GDPR - What Zoho is doing about it
Zoho has always honored its users’ rights to data privacy and protection. Over the years, they have demonstrated their commitment to this by consistently exceeding industry standards. Zoho have no need to collect and process users’ personal information beyond what is required for the functioning of our products, and this will never change. Zoho has a privacy-conscious culture here and GDPR is an opportunity for us to strengthen this even further.
Disclaimer: The information presented herein should not be taken as legal advice. We recommend that you seek legal advise on what you need to do to comply with the requirements of GDPR.
What is GDPR?
GDPR is an EU-wide privacy and data protection law that regulates how EU residents' data is protected by companies and enhances the control the EU residents have, over their personal data.
The GDPR is relevant to any globally operating company and not just the EU-based businesses and EU residents. Our customers’ data is important irrespective of where they are located, which is why we have implemented GDPR controls as our baseline standard for all our operations worldwide. GDPR has taken effect from 25th May 2018.
What is personal data?
Any data that relates to an identifiable or identified individual. GDPR covers a broad spectrum of information that could be used on its own, or in combination with other pieces of information, to identify a person. Personal data extends beyond a person’s name or email address. Some examples include financial information, political opinions, genetic data, biometric data, IP addresses, physical address, sexual orientation, and ethnicity.
How prepared is Zoho for GDPR?
Zoho has acted on many fronts to adhere to this new regulation.
- Zoho has raised awareness across the organisation through frequent discussions in their internal channels, and trained employees to handle data appropriately. They now understand the importance of information security and the high standards set by GDPR.
- Zoho has assessed all Zoho products, individually, against the requirements of the GDPR and have implemented new features that will give you more control over your data and ease your burden of achieving GDPR compliance.
- Zoho has constituted an Information Asset Register(IAR), which includes information on all the roles Zoho assumes, such as a data controller and processor. It details on various categories of personal data processed by our organization and which department is getting access to which data and for what purpose. It has a comprehensive coverage of all our processes and procedures.
- Zoho has assessed their sub-processors (third party service providers, partners) and streamlined the contract process with them to ensure that they have addressed the pressing needs of the current security and privacy world.
- Zoho has appointed internal privacy champions for all their teams. We have also appointed a Data Protection Officer (DPO).
- The Zoho application teams have embraced the concept of privacy by design and have provided you more control over the data you store in our systems. These provisions may vary based on a product’s characteristics and domain. Zoho constantly endeavour to provide you with more enhancements, which shall be rolled out in phases.
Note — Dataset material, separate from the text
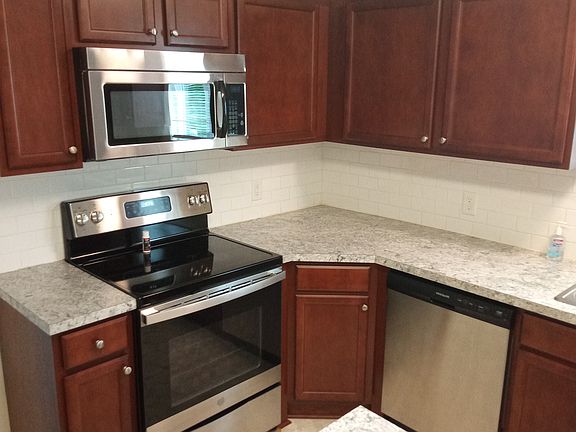 3rd image of 1702 Davanna St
- Zoho has amended their Data Processing Addendum (based on Model Contractual Clauses) to be compliant with the data processing requirements of GDPR.
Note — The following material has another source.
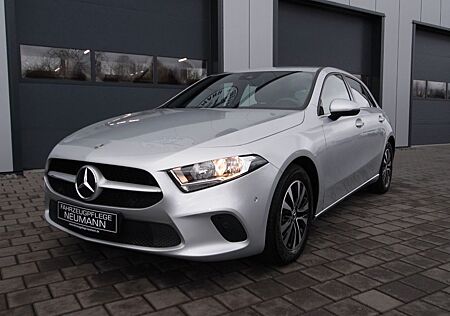 Mercedes-Benz A 200 NAVI PDC KAMERA ALU KLIMA SHZ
- If you are the organization administrator and would like to sign a DPA with Zoho, they've made it available to be signed electronically in a few easy steps. If you've signed up in our US datacenter, click here to view the DPA. To initiate the signing process, click here.
- If you've signed up in our EU datacenter, click here to view the DPA. To initiate the signing process, click here.
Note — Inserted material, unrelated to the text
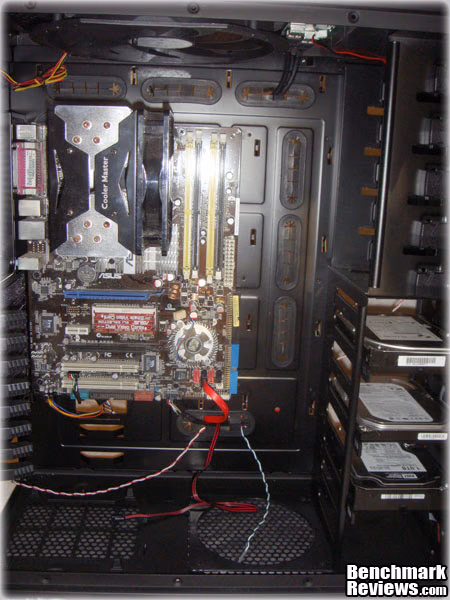BitFenix Colossus Interior MoboHDD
- Zoho conducted Data Protection Impact Assessments (DPIA). Based on the results, we have put in place appropriate controls on data processing and management.
- Zoho conducted internal audits of our products, processes, operations, and management. The findings were communicated to our teams, who have worked out the solutions to the identified problems.
- Based on the DPIAs and internal audits, we have improved our data security methods and processes. This includes encrypting data at rest, based on the level of sensitivity and likelihood of risks. We have developed in-house tools for better governance and discovery of data.
- We have cleaned up our databases to ensure that we have only the latest and most accurate information. This cleanup process includes removing terminated and dormant accounts as per our Terms of Service.
- When needed, breach notifications will be done according to the internal Privacy Incident Response policy. Customers will be notified of a breach within 72 hours after Zoho becomes aware of it. For general incidents, Zoho will notify users through our blogs, forums, and social media. For incidents specific to an individual user or an organisation, Zoho will notify the concerned party through email (using their primary email address).